>>>>>

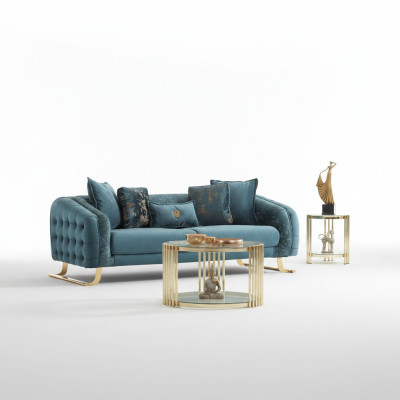 Stoffsofa Couch Dreisitzer Sofa 3 Sitzer Polstersofa Blau Moderne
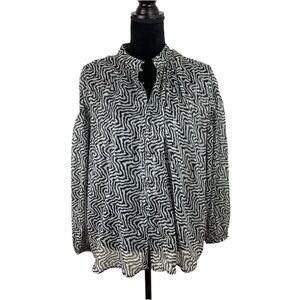 SCOTCH & SODA OVERSIZED SHEER PRINT AND LUREX BLOUSE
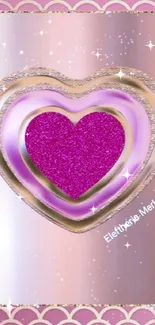 Pink glitter heart with gold accents on a stylish background.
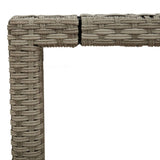 Garden Table with Glass Top Light Grey 150x90x75 cm Poly Rattan 368125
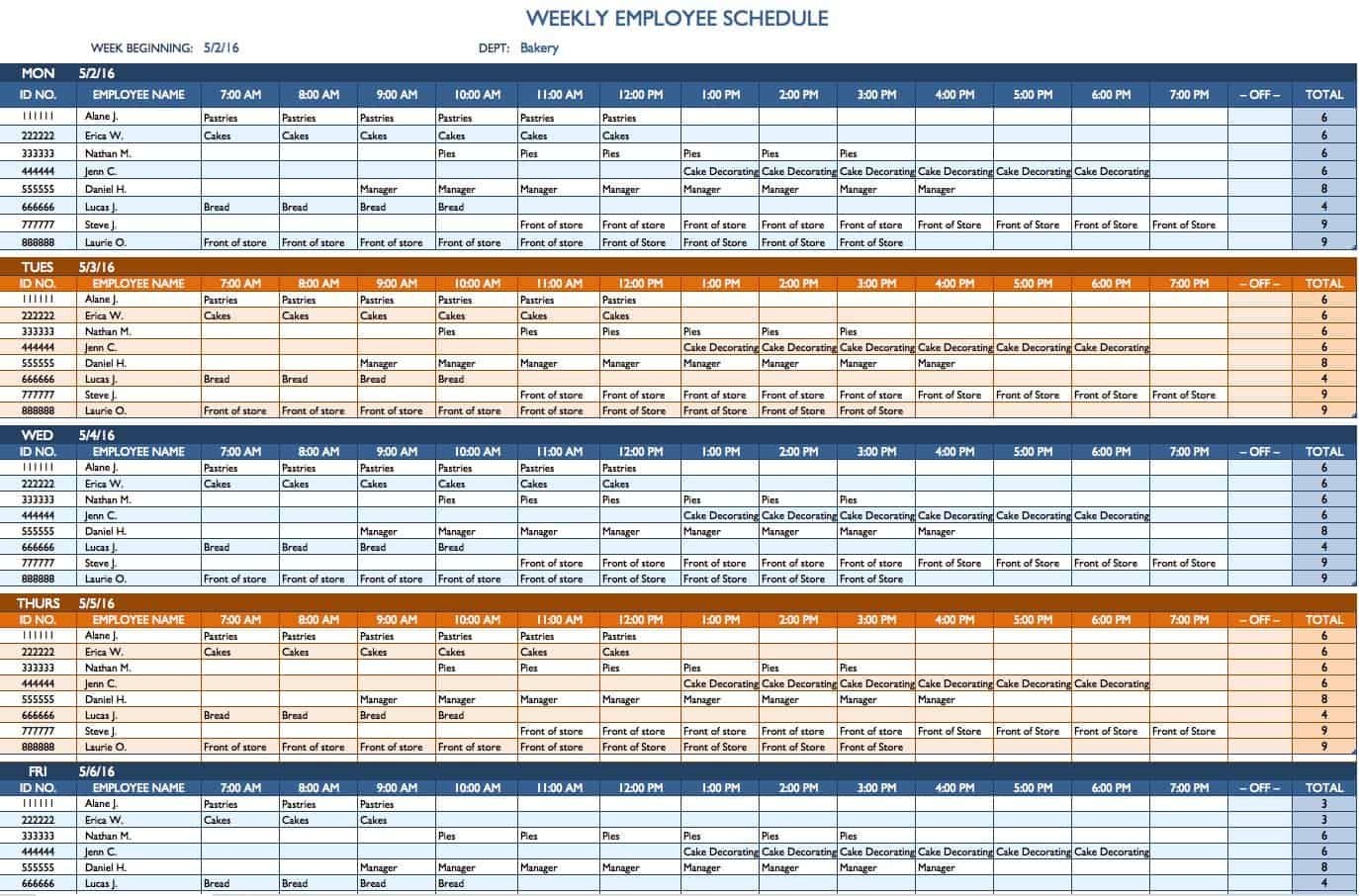 free weekly schedule templates for excel smartsheet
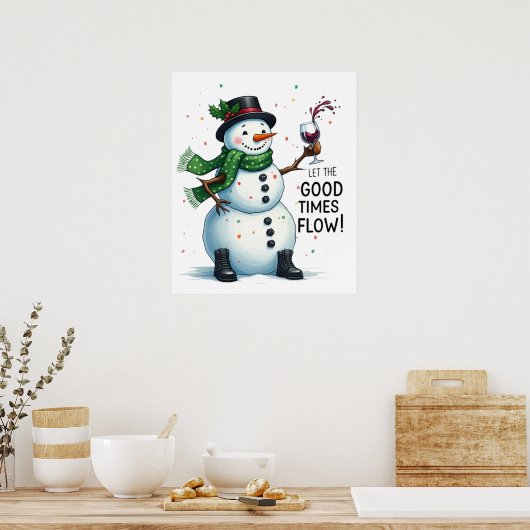 Kerst sneeuwman bar lounge drink feest poster (Keuken)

<<<<<

- **Problem**
Exactly as they stand, retype all the entries, but omit the pictures.

- **Solution to the problem**
 Stoffsofa Couch Dreisitzer Sofa 3 Sitzer Polstersofa Blau Moderne
 SCOTCH & SODA OVERSIZED SHEER PRINT AND LUREX BLOUSE
 Pink glitter heart with gold accents on a stylish background.
 Garden Table with Glass Top Light Grey 150x90x75 cm Poly Rattan 368125
 free weekly schedule templates for excel smartsheet
 Kerst sneeuwman bar lounge drink feest poster (Keuken)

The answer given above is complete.